Lorsque le rideau tombe en fin de film, c’est un sentiment d’une logique implacable qui nous saisit. Si au prime abord on peut se laisser aller à penser que la conclusion de Grigori Tchoukhrai est un brin facile, il n’en est rien. Elle est au contraire le fait de tout ce qu’il a su mettre en place progressivement pendant les 90 minutes qui ont précédé. Parfois peut-être avec précipitation —la romance progresse un peu vite entre les deux tourtereaux, ou alors j’ai toujours sous estimé le pouvoir de séduction de Robinson Crusoé— mais bel et bien dans le but précis d’amener le propos vers une antithèse finale indiscutable.
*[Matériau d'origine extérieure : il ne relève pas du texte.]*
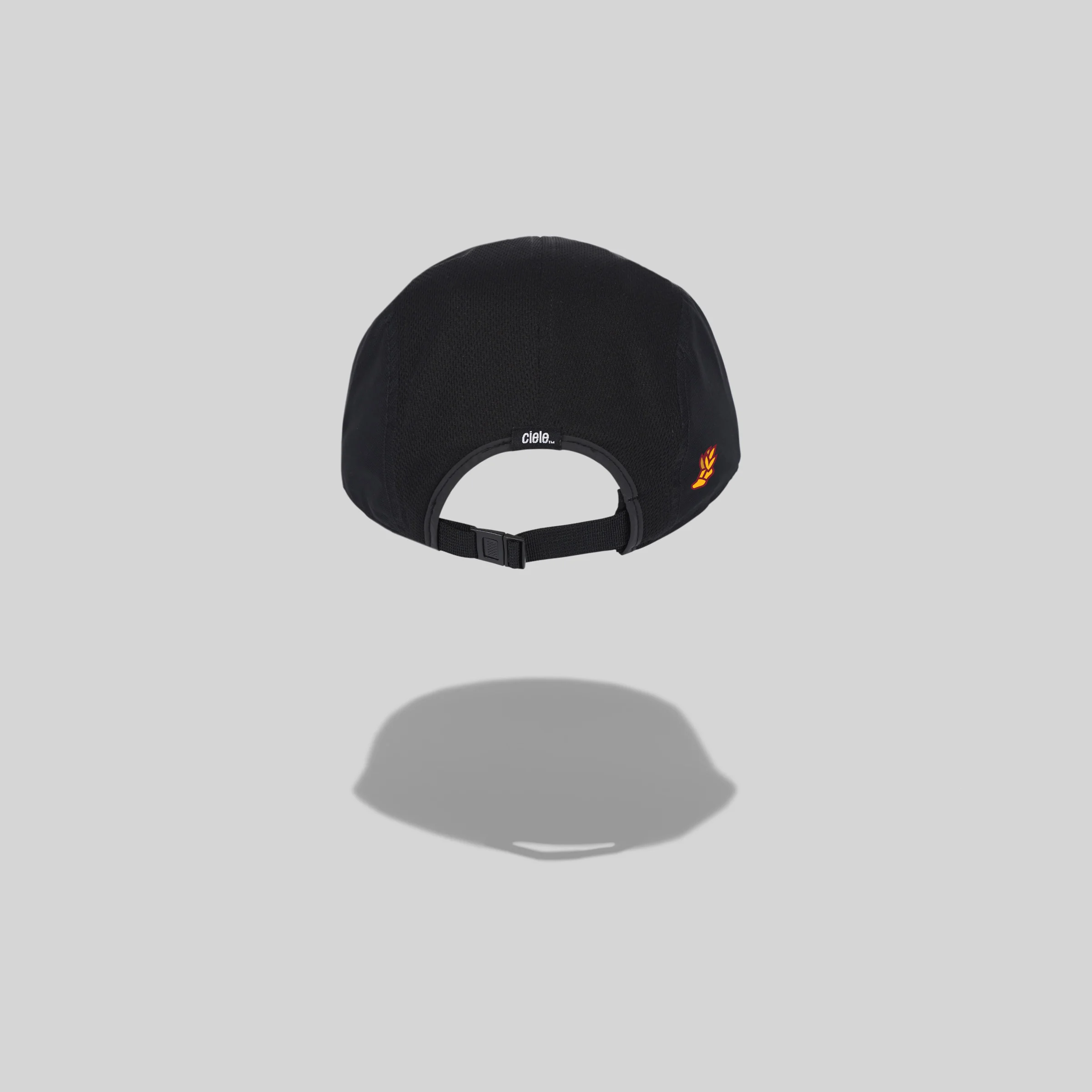 BFF GOCAP BLACK (BACK)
Outre cette démonstration narrative qui force le respect, Le quarante et unième impressionne aussi par sa proposition formelle, faite d’une photographie qui parvient, d’une façon somptueuse, à tirer le maximum des grands espaces qui ponctuent le chemin des deux personnages. Tout le passage dans le désert est un joli tour de force, fait de plans magnifiques, générateurs d’une ambiance suffocante à couper le souffle. A noter également une partition musicale intelligente, qui évite de sortir les violons au moment où l’on s’attend à les entendre sonner. Enfin, il serait un peu cavalier de terminer cet avis sans mentionner la pétillante Izolda Izvitskaïa qui sait rendre son personnage aussi casse pied qu’attachant.
Plus qu’une simple illustration de la guerre civile dont le film reprend le contexte, Le quarante et unième est une démonstration réussie du paradoxe qui accompagne souvent des convictions trop extrêmes. Entre se battre pour ce en quoi l’on croit fermement, et se laisser aller à ses sentiments, il est bien délicat de trouver un juste milieu, et tout aussi difficile de régler la question à l’aide d’un choix ferme et définitif.